RECORDED DATA →
——

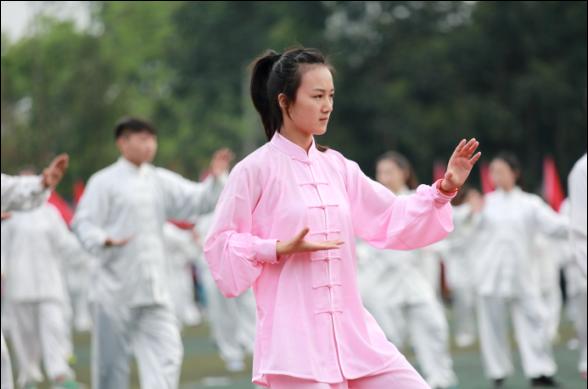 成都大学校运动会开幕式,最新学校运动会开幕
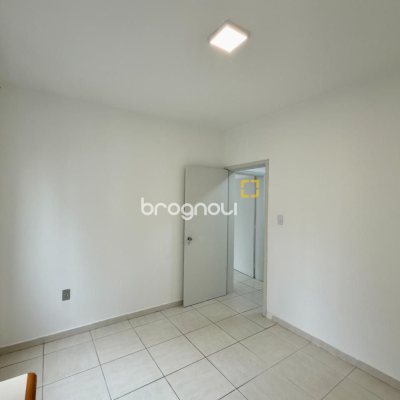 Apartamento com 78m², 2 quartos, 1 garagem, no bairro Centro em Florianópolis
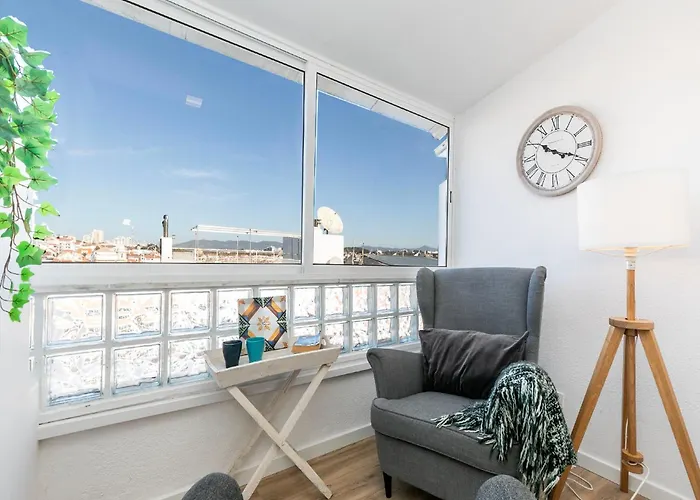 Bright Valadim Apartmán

——

EXERCISE DIRECTIONS → Exactly reproduce the lines beginning at the one that contains "Apartamento com 78m², 2" and ending at the final line of the material, with the pictures left out.

TASK OUTPUT →
 Apartamento com 78m², 2 quartos, 1 garagem, no bairro Centro em Florianópolis
 Bright Valadim Apartmán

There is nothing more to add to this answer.